Mesmo um diretor veterano que costuma praticar uma narrativa mais clássica e convencional, como o mineiro Helvécio Ratton, trouxe a Tiradentes talvez seu filme mais ousado, O lodo, inspirado em conto do escritor Murilo Rubião. Na kafkiana linha tênue entre o real e o fantástico, o relato explora a queda de um homem comum de meia-idade (Eduardo Moreira) no abismo de suas memórias reprimidas. O filme se ancora na coesão do elenco (basicamente, membros do grupo Galpão) e numa equipe all star: fotografia de Lauro Escorel, direção de arte de Adrian Cooper, montagem de Mair Tavares.
Juventude e urgência
Na safra inevitavelmente irregular dos cineastas mais novos, predomina um certo sentimento de urgência, em que o desejo de expressar uma visão de nossas muitas mazelas às vezes se sobrepõe a um trabalho mais seguro com a forma. Do híbrido documentário Sequizágua, de Mauricio Rezende, que aborda os problemas de um assentamento extrativista no sertão mineiro, ao sangrento terror juvenil de Canto dos ossos, de Jorge Polo e Petrus de Bairros, do ensaio de autoficcção de Ontem havia coisas estranhas no céu, de Bruno Risas, ao seco drama social goiano Mascarados, de Marcela e Henrique Borela, percebem-se buscas variadas, por vezes tateantes, de uma estética que se adeque ao que se quer expressar.
Nesse contexto heterogêneo, dois filmes mais diretamente políticos se destacam: o documentário Cadê Edson, terceiro longa-metragem de Dácia Ibiapina, e Pão e gente, segundo longa de Renan Rovida.
Cadê Edson é um vibrante registro da luta por moradia no Distrito Federal, centrado na figura de Edson Francisco da Silva, dirigente do Movimento de Resistência Popular, apresentado na mídia conservadora como “o demônio de Brasília”. É um trabalho admirável de utilização de imagens de fontes diversas (incluindo as da própria polícia e do ministério público) para a desconstrução do discurso do poder e a criação de uma contranarrativa do ponto de vista dos derrotados e excluídos.
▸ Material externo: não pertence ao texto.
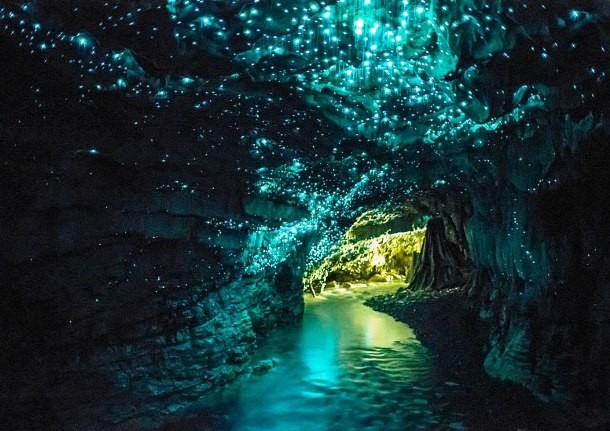 غارهای وایتومو نیوزلند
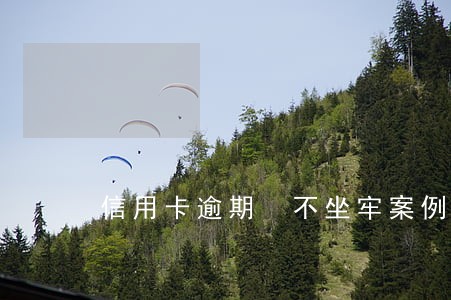 信用卡逾期 不坐牢案例 信用卡逾期 不坐牢案例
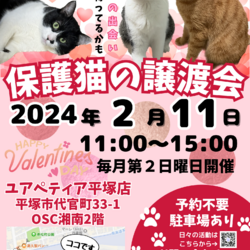 保護猫の譲渡会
Pão e gente, por sua vez, é uma curiosa encenação de um conflito social em torno de uma padaria e dos atores sociais envolvidos: o padeiro, o dono do imóvel, trabalhadores, fornecedores. Inspirado parcialmente num texto inacabado de Brecht, o filme, rodado em preto e branco numa rua do empobrecido bairro central paulistano dos Campos Elíseos, é uma espécie de ensaio materialista dialético que remete ao velho Teatro de Arena e, mais vagamente, ao cinema de Jean-Marie Straub.
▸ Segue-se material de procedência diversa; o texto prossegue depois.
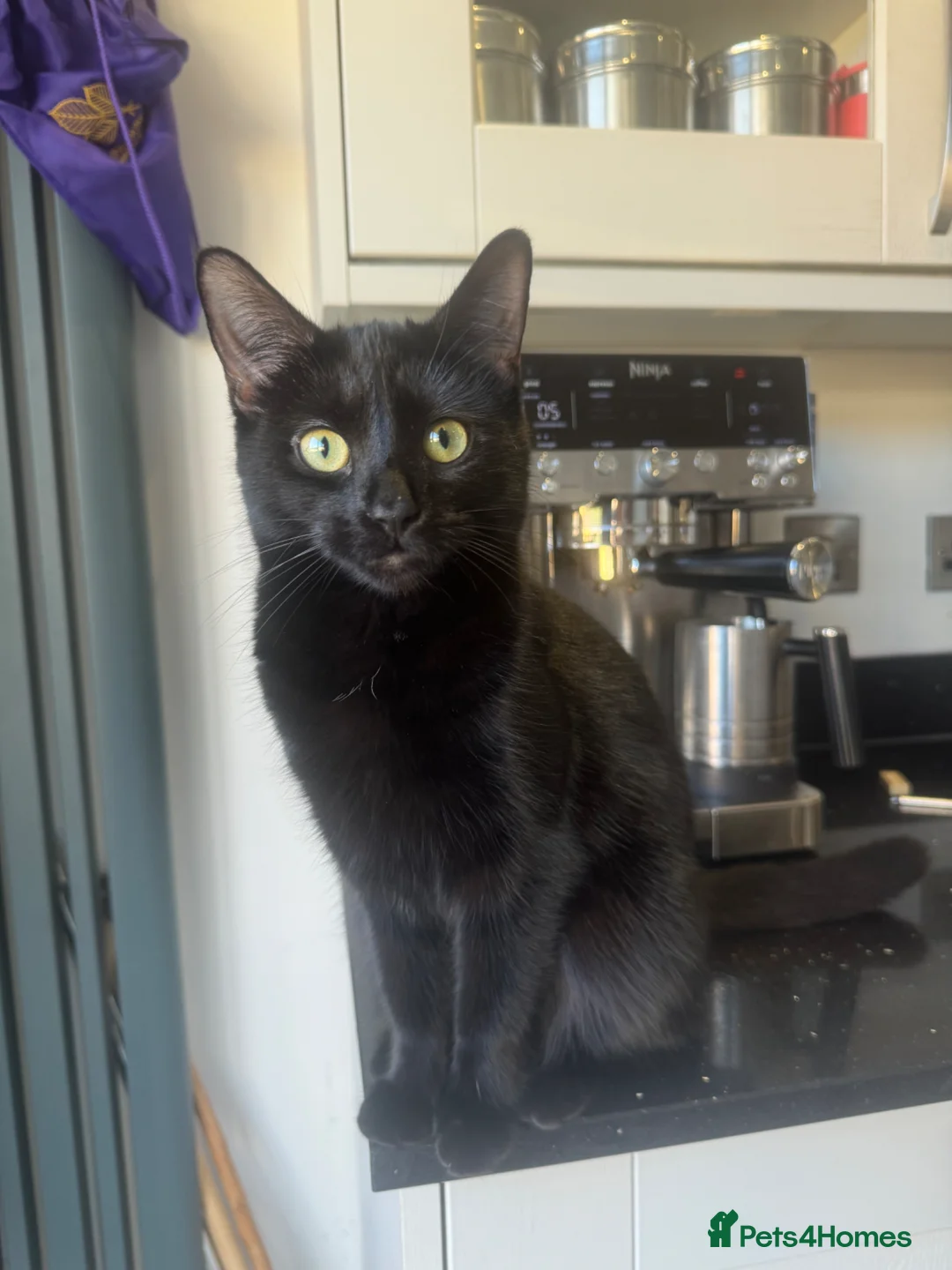 Mixed Breed cats for sale: Mixed breed kittens for sale  in Eastleigh - Advert 10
Por último, há que destacar outra obra de baixíssimo orçamento e grande vigor, Até o fim, terceiro longa-metragem (em dois anos!) de Glenda Nicácio e Ary Rosa, dupla baseada em Cachoeira, no Recôncavo Baiano. Quatro irmãs se reencontram depois de anos e, ao longo de uma noite, no bar de beira de praia de uma delas, desencavam memórias dolorosas e segredos escondidos, trazendo à tona múltiplas facetas da condição da mulher negra numa sociedade racista e machista.
Nesse drama concentrado entrelaçam-se de maneira orgânica e pungente os principais temas aflorados nesta edição da mostra de Tiradentes: a opressão social, o racismo, a intolerância de gênero. A liberdade que se busca é, ao mesmo tempo, una e múltipla.